* _Dataset entries_:
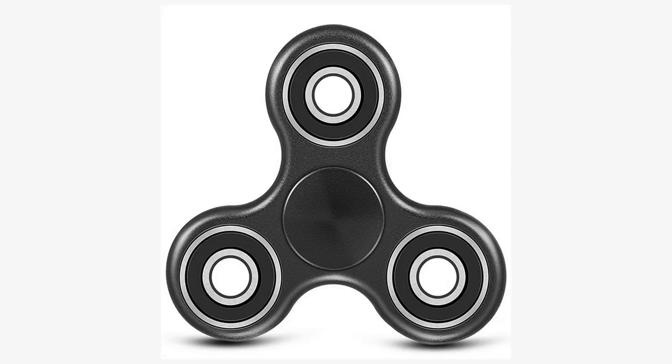When fidget spinners rose in popularity in 2017, many publications in the popular press discussed the marketing claims made about them for people with ADHD, autism, or anxiety. However, there is no scientific evidence that fidget spinners are effective as a treatment for children with autism or ADHD.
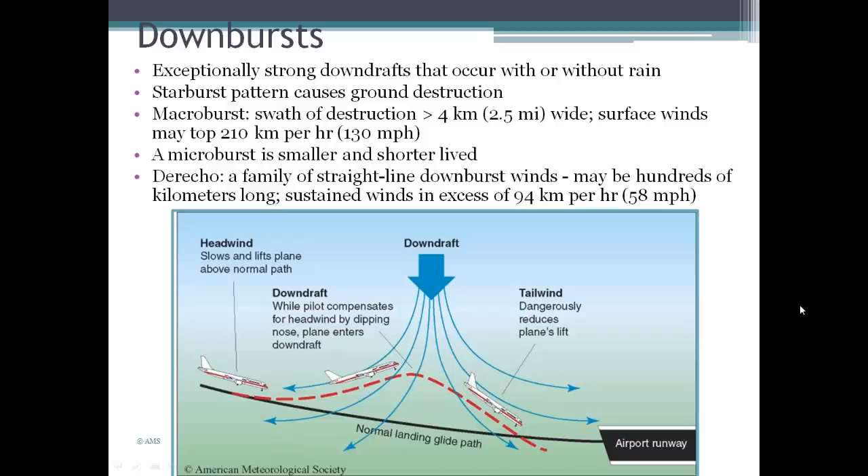Another hazard with thunderstorms is downbursts — exceptionally strong downdrafts that can occur with or without rain. They cause a starburst pattern of destruction on the ground, radiating from where the downdraft was strongest. Macrobursts and microbursts define the size: a macroburst has a destruction path about two and a half miles wide with surface winds topping around 130 miles per hour.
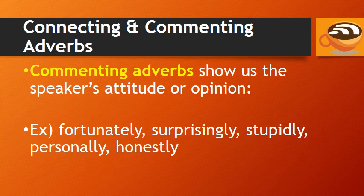Commenting adverbs show us the speaker's attitude or opinion. Examples include: fortunately, surprisingly, stupidly, personally, and honestly.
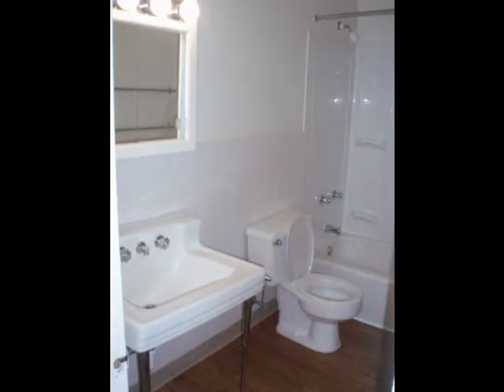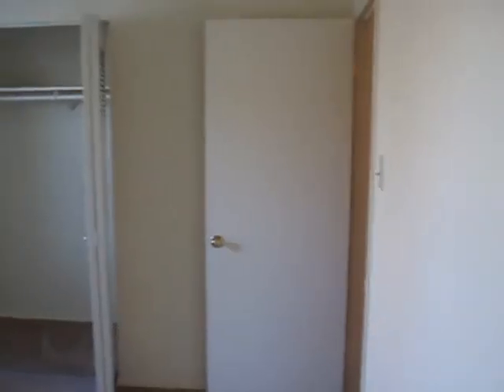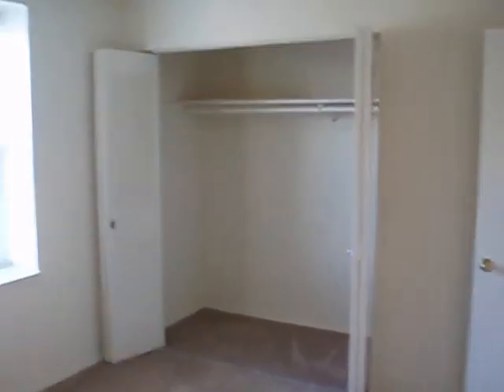The upstairs has a full bath with tub and linen closet in the hallway. The master bedroom is 210 square feet, with a large closet and a window overlooking your patio.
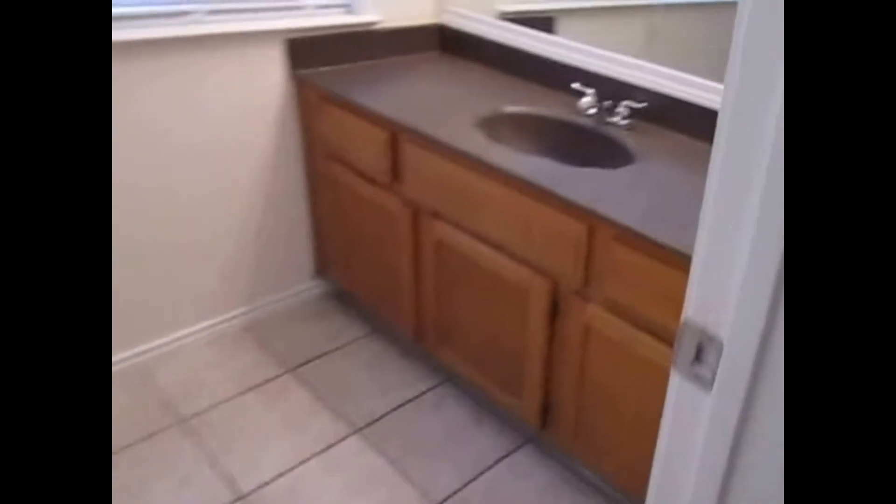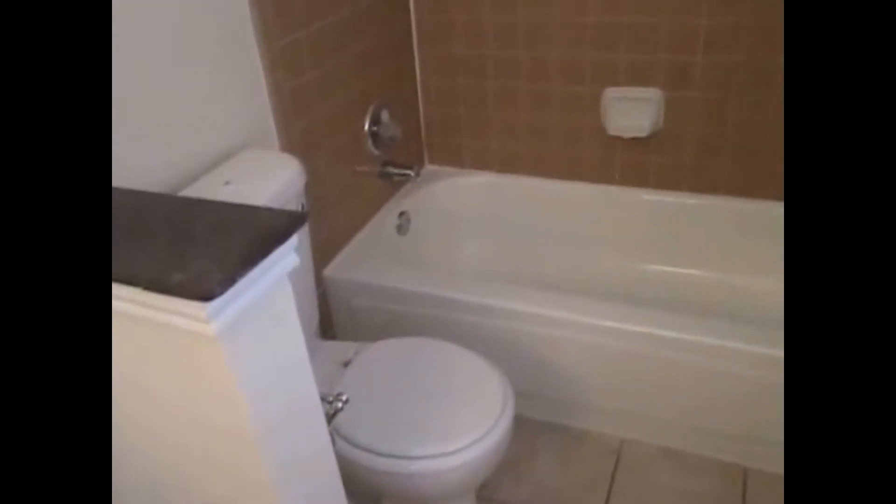We also have the master bathroom: 12 by 12 tile, large vanity top, a single sink. We also have a little pony wall here behind the toilet, and then a shower tub combo with tile surround.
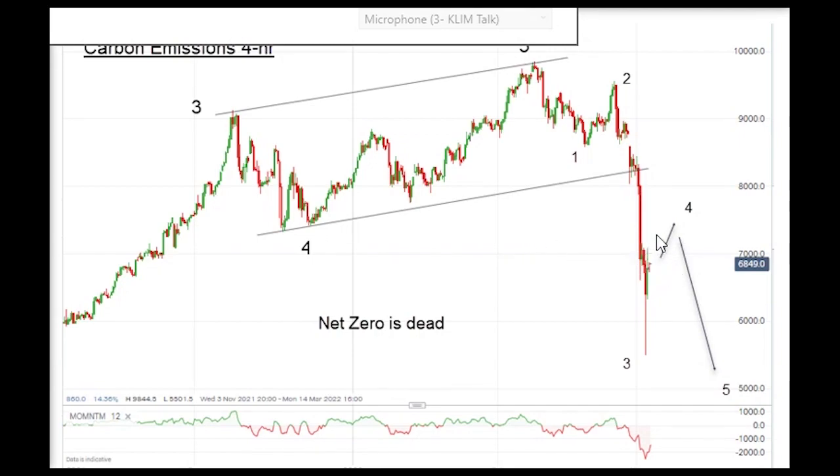I'm looking for a wave four bounce here - we'll get a relief bounce - but then I'm looking for a brand new low in wave five. I've boldly stated that net zero is now dead and that is the proof. We've had a collapse in the carbon credit market; it is not a viable or even a reliable market anymore, and I think the whole idea of net zero will be dying a death. The politicians will be the last to acknowledge it, but the market is usually the first, and they have certainly voted with their feet.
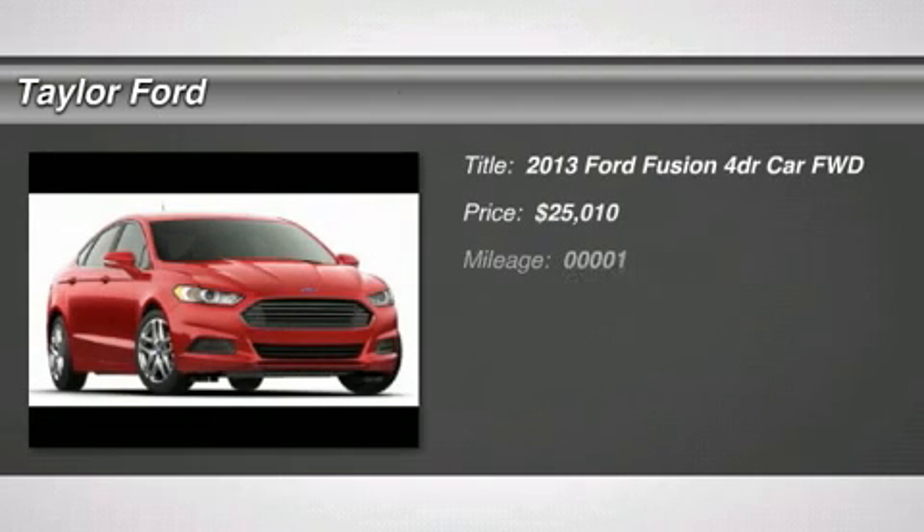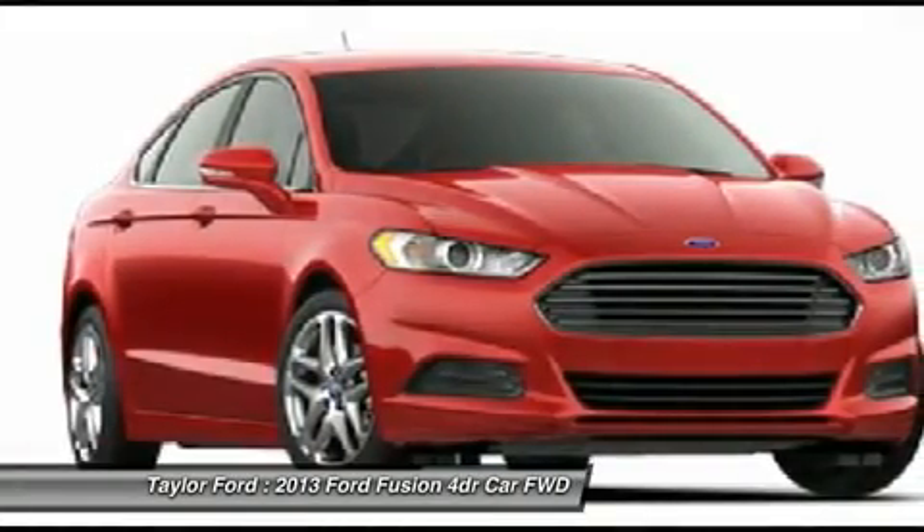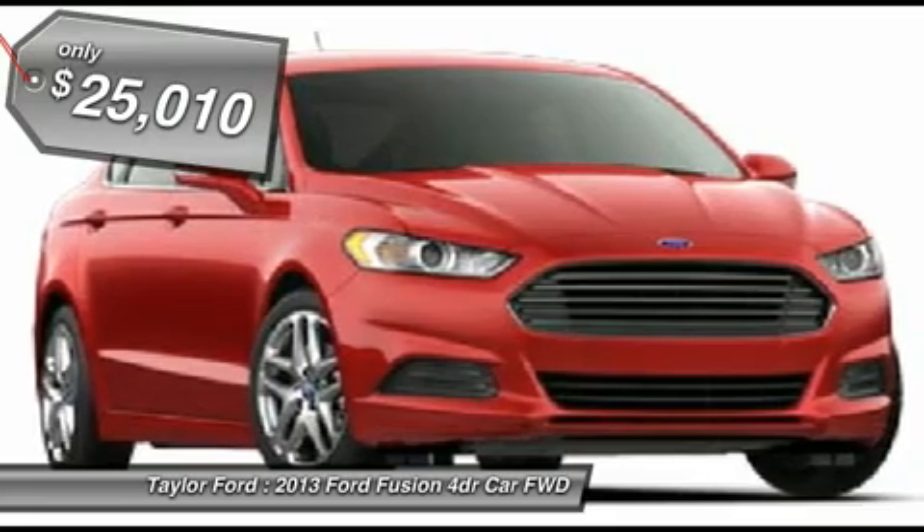The 2013 Ford Fusion. You can have both — impressive power and great economy in a Fusion. And it's priced below $30,000.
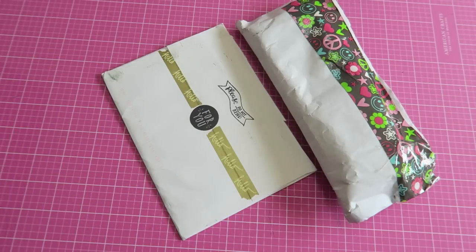Hey Crafty Cuties! Welcome back to another Happy Mail video. You can hear my son playing in the background but I'm just gonna let it go.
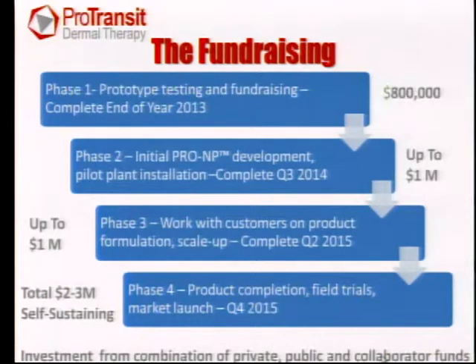Overlaying our timeline with fundraising efforts: we need approximately $800,000 right now to capitalize the company, move off-site, and hire our first resources. Phase two will take up to another million dollars — that's for working with customers to develop the product — and then maybe a final million dollars to take it to final product launch. This is highly dependent on how much we can get from collaborators. We think it will take two to three million dollars total to become fully self-sustaining, coming from private investors like angels, matching funds from the state, and collaborator funds.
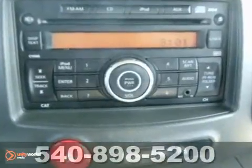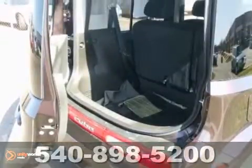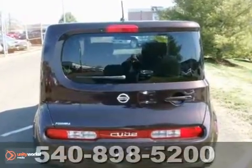It features keyless entry, CD player and traction control. It also has air conditioning, multiple airbags and power windows and locks. The tinted glass and alloy wheels make this Nissan hard to pass up.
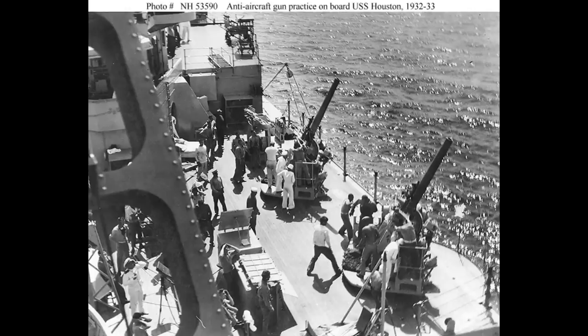In keeping with many designs from the 1920s, the anti-aircraft battery was present but relatively weak, consisting of four single 5-inch dual-purpose guns. A pair of 47mm guns and six torpedo tubes in a pair of triple launchers would complete the ship's armament.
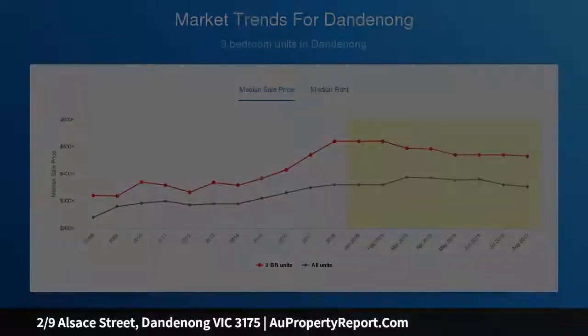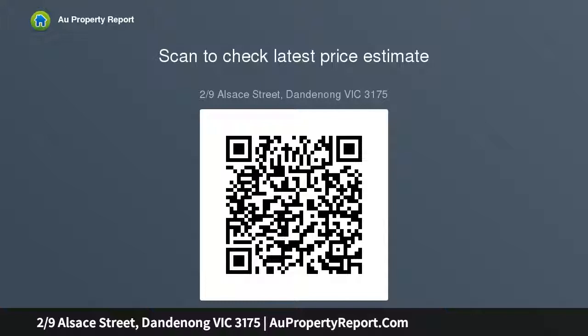Only 2 units on the block. This villa is tucked behind with a driveway leading to a double brick garage and a roofline with remote door, plus a separate storage room.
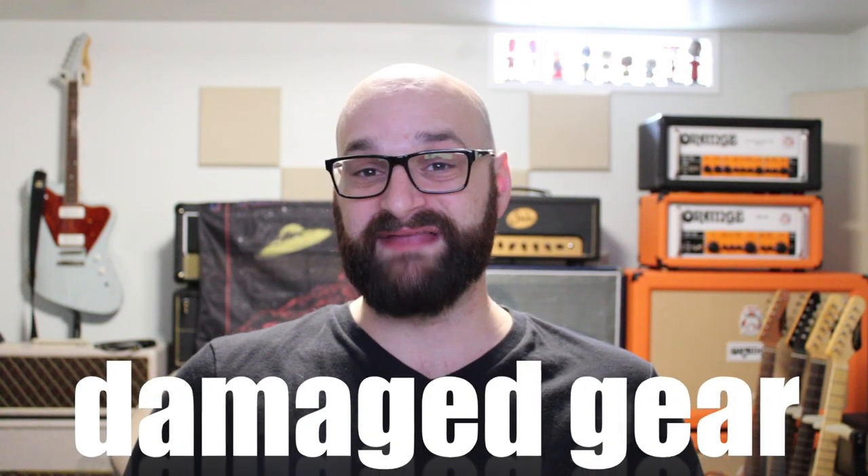Question three: what do you do when a piece of gear arrives damaged? This is an interesting question. Did the gear arrive damaged, or was it sent to you already messed up? In all my years of buying and selling gear online or in person, it's amazing what some people try to get away with. Some are dishonest, but there are also overly honest people out there.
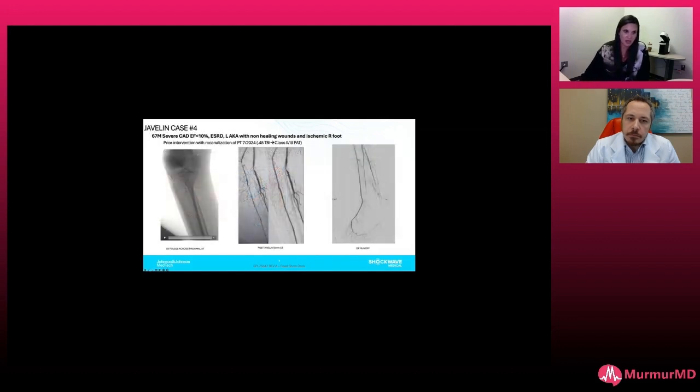We got across this proximal AT with a wire — not surprisingly, nothing would cross. We brought Javelin up, and you can see we're just giving forward pressure, and you can slowly see the catheter advance and jump forward as it reaches those really difficult areas. Even though Javelin is not a balloon-based therapy, you can see that we've got some luminal gain in that anterior tibial artery — it did create a micro-channel of a lumen for us.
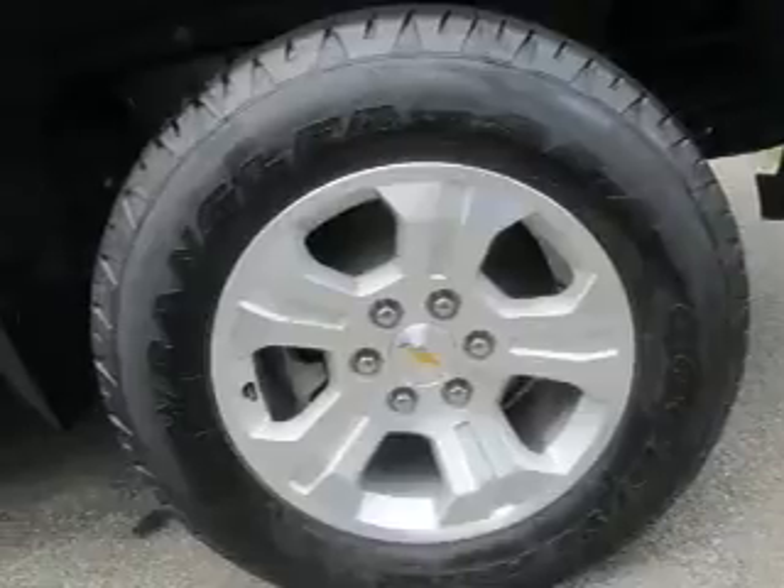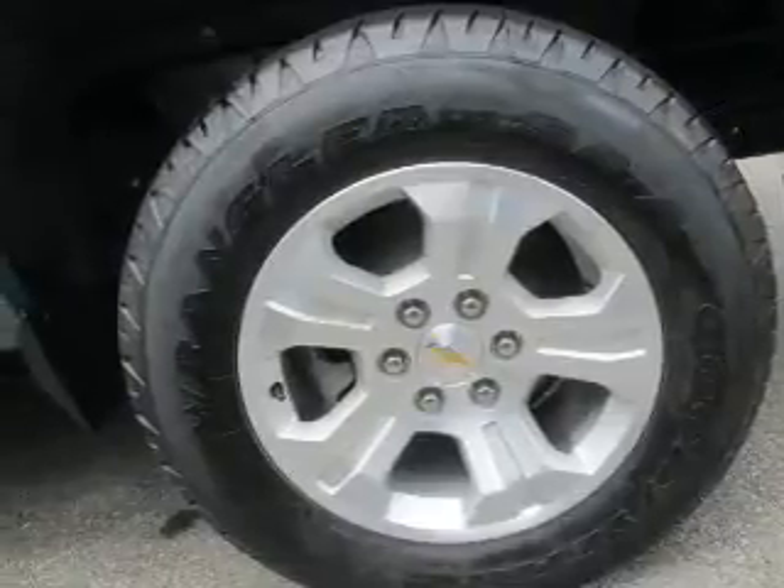Stability control, front ventilated disc brakes, daytime running lights, and anti-lock brakes.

* _EXERCISE REQUIREMENTS_: Repeat the data exactly, without the pictures.

* _EXERCISE SOLUTION_:
When fidget spinners rose in popularity in 2017, many publications in the popular press discussed the marketing claims made about them for people with ADHD, autism, or anxiety. However, there is no scientific evidence that fidget spinners are effective as a treatment for children with autism or ADHD.
Another hazard with thunderstorms is downbursts — exceptionally strong downdrafts that can occur with or without rain. They cause a starburst pattern of destruction on the ground, radiating from where the downdraft was strongest. Macrobursts and microbursts define the size: a macroburst has a destruction path about two and a half miles wide with surface winds topping around 130 miles per hour.
Commenting adverbs show us the speaker's attitude or opinion. Examples include: fortunately, surprisingly, stupidly, personally, and honestly.
The upstairs has a full bath with tub and linen closet in the hallway. The master bedroom is 210 square feet, with a large closet and a window overlooking your patio.
We also have the master bathroom: 12 by 12 tile, large vanity top, a single sink. We also have a little pony wall here behind the toilet, and then a shower tub combo with tile surround.
I'm looking for a wave four bounce here - we'll get a relief bounce - but then I'm looking for a brand new low in wave five. I've boldly stated that net zero is now dead and that is the proof. We've had a collapse in the carbon credit market; it is not a viable or even a reliable market anymore, and I think the whole idea of net zero will be dying a death. The politicians will be the last to acknowledge it, but the market is usually the first, and they have certainly voted with their feet.
The 2013 Ford Fusion. You can have both — impressive power and great economy in a Fusion. And it's priced below $30,000.
Hey Crafty Cuties! Welcome back to another Happy Mail video. You can hear my son playing in the background but I'm just gonna let it go.
Overlaying our timeline with fundraising efforts: we need approximately $800,000 right now to capitalize the company, move off-site, and hire our first resources. Phase two will take up to another million dollars — that's for working with customers to develop the product — and then maybe a final million dollars to take it to final product launch. This is highly dependent on how much we can get from collaborators. We think it will take two to three million dollars total to become fully self-sustaining, coming from private investors like angels, matching funds from the state, and collaborator funds.
It features keyless entry, CD player and traction control. It also has air conditioning, multiple airbags and power windows and locks. The tinted glass and alloy wheels make this Nissan hard to pass up.
In keeping with many designs from the 1920s, the anti-aircraft battery was present but relatively weak, consisting of four single 5-inch dual-purpose guns. A pair of 47mm guns and six torpedo tubes in a pair of triple launchers would complete the ship's armament.
Only 2 units on the block. This villa is tucked behind with a driveway leading to a double brick garage and a roofline with remote door, plus a separate storage room.
Question three: what do you do when a piece of gear arrives damaged? This is an interesting question. Did the gear arrive damaged, or was it sent to you already messed up? In all my years of buying and selling gear online or in person, it's amazing what some people try to get away with. Some are dishonest, but there are also overly honest people out there.
We got across this proximal AT with a wire — not surprisingly, nothing would cross. We brought Javelin up, and you can see we're just giving forward pressure, and you can slowly see the catheter advance and jump forward as it reaches those really difficult areas. Even though Javelin is not a balloon-based therapy, you can see that we've got some luminal gain in that anterior tibial artery — it did create a micro-channel of a lumen for us.
Stability control, front ventilated disc brakes, daytime running lights, and anti-lock brakes.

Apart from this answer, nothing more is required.